LISTED ENTRIES below:
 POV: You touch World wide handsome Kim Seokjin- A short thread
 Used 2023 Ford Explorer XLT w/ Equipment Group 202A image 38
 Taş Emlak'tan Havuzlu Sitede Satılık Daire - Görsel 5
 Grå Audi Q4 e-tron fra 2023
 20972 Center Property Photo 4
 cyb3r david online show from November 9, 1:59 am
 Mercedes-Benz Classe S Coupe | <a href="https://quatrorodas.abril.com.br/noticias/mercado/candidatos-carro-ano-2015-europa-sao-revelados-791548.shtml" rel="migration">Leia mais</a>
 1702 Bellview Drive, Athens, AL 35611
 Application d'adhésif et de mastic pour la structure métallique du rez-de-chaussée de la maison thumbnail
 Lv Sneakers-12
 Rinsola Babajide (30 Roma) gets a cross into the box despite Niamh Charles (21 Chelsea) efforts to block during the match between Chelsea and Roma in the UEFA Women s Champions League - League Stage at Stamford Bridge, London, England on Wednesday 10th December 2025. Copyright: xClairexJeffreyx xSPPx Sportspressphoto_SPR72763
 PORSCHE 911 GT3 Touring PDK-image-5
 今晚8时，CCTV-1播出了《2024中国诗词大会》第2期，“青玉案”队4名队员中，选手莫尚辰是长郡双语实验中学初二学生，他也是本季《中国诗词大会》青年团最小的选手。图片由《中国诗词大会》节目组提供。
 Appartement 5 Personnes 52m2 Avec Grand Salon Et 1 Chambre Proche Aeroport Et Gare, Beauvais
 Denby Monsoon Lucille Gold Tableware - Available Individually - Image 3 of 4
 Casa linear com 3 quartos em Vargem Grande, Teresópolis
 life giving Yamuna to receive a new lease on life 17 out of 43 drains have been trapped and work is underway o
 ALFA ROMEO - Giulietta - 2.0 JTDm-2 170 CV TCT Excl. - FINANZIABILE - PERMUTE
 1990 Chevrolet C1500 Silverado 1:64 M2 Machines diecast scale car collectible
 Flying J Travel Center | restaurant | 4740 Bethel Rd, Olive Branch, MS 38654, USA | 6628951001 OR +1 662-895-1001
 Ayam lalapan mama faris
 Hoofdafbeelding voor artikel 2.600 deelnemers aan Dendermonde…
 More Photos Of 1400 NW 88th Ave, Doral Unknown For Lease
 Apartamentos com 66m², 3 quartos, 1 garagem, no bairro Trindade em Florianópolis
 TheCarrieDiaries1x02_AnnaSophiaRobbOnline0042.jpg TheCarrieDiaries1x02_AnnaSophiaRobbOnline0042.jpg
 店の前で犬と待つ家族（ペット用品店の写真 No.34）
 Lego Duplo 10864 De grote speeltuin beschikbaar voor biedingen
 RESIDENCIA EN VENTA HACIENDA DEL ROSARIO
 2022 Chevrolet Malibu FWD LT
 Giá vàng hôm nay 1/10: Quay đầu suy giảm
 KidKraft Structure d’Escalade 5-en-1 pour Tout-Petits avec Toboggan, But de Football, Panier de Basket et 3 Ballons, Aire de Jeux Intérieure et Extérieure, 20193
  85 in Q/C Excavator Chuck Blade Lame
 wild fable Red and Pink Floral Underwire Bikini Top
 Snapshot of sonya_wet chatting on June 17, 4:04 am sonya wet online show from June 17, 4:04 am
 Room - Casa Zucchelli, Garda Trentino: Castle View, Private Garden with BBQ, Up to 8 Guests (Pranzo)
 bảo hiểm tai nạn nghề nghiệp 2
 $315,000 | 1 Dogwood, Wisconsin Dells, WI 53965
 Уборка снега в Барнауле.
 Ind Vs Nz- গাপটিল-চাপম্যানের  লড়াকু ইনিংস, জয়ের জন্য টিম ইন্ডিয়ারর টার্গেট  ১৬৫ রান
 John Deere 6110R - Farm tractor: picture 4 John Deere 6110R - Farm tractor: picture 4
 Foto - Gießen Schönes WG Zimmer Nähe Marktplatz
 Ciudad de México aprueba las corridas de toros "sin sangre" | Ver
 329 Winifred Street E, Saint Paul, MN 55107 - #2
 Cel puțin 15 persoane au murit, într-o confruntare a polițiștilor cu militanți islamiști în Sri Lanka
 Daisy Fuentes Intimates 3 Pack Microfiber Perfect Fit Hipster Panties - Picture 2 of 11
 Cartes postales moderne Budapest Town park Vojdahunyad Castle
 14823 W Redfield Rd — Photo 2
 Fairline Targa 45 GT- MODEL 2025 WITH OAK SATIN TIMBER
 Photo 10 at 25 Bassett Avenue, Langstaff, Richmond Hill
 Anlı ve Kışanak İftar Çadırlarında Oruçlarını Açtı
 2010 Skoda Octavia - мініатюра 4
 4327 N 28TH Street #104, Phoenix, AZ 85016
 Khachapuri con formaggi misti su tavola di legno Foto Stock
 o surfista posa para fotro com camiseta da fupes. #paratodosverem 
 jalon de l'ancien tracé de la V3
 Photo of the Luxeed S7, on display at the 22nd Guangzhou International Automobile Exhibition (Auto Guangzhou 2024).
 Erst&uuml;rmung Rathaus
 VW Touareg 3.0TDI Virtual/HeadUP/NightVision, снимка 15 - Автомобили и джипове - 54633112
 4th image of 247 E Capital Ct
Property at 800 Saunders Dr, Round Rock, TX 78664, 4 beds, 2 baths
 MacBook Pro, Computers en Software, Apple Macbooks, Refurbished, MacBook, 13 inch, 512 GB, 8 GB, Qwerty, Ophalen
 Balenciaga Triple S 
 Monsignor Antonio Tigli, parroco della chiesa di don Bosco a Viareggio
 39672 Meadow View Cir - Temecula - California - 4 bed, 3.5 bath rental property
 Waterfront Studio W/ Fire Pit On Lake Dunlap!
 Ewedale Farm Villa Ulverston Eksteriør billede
End of LISTED ENTRIES.
TASK GOAL →
Take the first line of the material above as the start and the line that contains "Lv Sneakers-12" as the end. Output only that span, every line exactly as it stands.

TASK SOLUTION →
 POV: You touch World wide handsome Kim Seokjin- A short thread
 Used 2023 Ford Explorer XLT w/ Equipment Group 202A image 38
 Taş Emlak'tan Havuzlu Sitede Satılık Daire - Görsel 5
 Grå Audi Q4 e-tron fra 2023
 20972 Center Property Photo 4
 cyb3r david online show from November 9, 1:59 am
 Mercedes-Benz Classe S Coupe | <a href="https://quatrorodas.abril.com.br/noticias/mercado/candidatos-carro-ano-2015-europa-sao-revelados-791548.shtml" rel="migration">Leia mais</a>
 1702 Bellview Drive, Athens, AL 35611
 Application d'adhésif et de mastic pour la structure métallique du rez-de-chaussée de la maison thumbnail
 Lv Sneakers-12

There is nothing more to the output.